- [Source records]
==*==

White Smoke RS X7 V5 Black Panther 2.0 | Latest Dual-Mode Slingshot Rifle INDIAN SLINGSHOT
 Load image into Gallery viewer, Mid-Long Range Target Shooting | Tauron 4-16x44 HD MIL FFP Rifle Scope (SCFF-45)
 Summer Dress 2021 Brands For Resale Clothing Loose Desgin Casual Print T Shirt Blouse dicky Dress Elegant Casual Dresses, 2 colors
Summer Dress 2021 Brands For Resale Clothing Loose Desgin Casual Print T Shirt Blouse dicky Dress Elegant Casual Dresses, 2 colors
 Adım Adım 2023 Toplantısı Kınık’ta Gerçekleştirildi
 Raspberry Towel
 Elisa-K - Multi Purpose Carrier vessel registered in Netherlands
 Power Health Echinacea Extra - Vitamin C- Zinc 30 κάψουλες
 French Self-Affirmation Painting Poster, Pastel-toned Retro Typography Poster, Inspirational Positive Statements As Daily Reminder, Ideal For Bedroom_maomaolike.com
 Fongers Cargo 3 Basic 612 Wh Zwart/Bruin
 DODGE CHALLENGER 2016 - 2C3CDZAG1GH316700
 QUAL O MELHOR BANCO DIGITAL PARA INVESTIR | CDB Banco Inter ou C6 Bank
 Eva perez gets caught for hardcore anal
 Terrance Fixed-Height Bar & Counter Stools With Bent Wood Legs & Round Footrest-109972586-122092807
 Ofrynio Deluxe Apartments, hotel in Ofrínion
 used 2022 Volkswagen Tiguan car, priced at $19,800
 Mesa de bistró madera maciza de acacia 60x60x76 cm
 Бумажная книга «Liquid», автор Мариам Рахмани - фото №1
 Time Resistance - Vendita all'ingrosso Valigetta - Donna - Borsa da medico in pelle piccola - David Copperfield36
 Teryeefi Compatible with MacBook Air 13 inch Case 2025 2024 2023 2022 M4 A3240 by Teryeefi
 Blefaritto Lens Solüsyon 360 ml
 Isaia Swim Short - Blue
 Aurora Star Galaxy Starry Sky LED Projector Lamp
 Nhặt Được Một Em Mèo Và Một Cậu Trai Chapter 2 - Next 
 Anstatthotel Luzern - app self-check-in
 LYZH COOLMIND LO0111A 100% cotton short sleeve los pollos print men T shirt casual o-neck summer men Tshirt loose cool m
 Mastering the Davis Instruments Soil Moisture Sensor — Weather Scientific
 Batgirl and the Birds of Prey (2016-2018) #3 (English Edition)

==*==

- [Goal of the exercise] Please reproduce the records above in their entirety, exactly as given.

- [Answer below]
White Smoke RS X7 V5 Black Panther 2.0 | Latest Dual-Mode Slingshot Rifle INDIAN SLINGSHOT
 Load image into Gallery viewer, Mid-Long Range Target Shooting | Tauron 4-16x44 HD MIL FFP Rifle Scope (SCFF-45)
 Summer Dress 2021 Brands For Resale Clothing Loose Desgin Casual Print T Shirt Blouse dicky Dress Elegant Casual Dresses, 2 colors
Summer Dress 2021 Brands For Resale Clothing Loose Desgin Casual Print T Shirt Blouse dicky Dress Elegant Casual Dresses, 2 colors
 Adım Adım 2023 Toplantısı Kınık’ta Gerçekleştirildi
 Raspberry Towel
 Elisa-K - Multi Purpose Carrier vessel registered in Netherlands
 Power Health Echinacea Extra - Vitamin C- Zinc 30 κάψουλες
 French Self-Affirmation Painting Poster, Pastel-toned Retro Typography Poster, Inspirational Positive Statements As Daily Reminder, Ideal For Bedroom_maomaolike.com
 Fongers Cargo 3 Basic 612 Wh Zwart/Bruin
 DODGE CHALLENGER 2016 - 2C3CDZAG1GH316700
 QUAL O MELHOR BANCO DIGITAL PARA INVESTIR | CDB Banco Inter ou C6 Bank
 Eva perez gets caught for hardcore anal
 Terrance Fixed-Height Bar & Counter Stools With Bent Wood Legs & Round Footrest-109972586-122092807
 Ofrynio Deluxe Apartments, hotel in Ofrínion
 used 2022 Volkswagen Tiguan car, priced at $19,800
 Mesa de bistró madera maciza de acacia 60x60x76 cm
 Бумажная книга «Liquid», автор Мариам Рахмани - фото №1
 Time Resistance - Vendita all'ingrosso Valigetta - Donna - Borsa da medico in pelle piccola - David Copperfield36
 Teryeefi Compatible with MacBook Air 13 inch Case 2025 2024 2023 2022 M4 A3240 by Teryeefi
 Blefaritto Lens Solüsyon 360 ml
 Isaia Swim Short - Blue
 Aurora Star Galaxy Starry Sky LED Projector Lamp
 Nhặt Được Một Em Mèo Và Một Cậu Trai Chapter 2 - Next 
 Anstatthotel Luzern - app self-check-in
 LYZH COOLMIND LO0111A 100% cotton short sleeve los pollos print men T shirt casual o-neck summer men Tshirt loose cool m
 Mastering the Davis Instruments Soil Moisture Sensor — Weather Scientific
 Batgirl and the Birds of Prey (2016-2018) #3 (English Edition)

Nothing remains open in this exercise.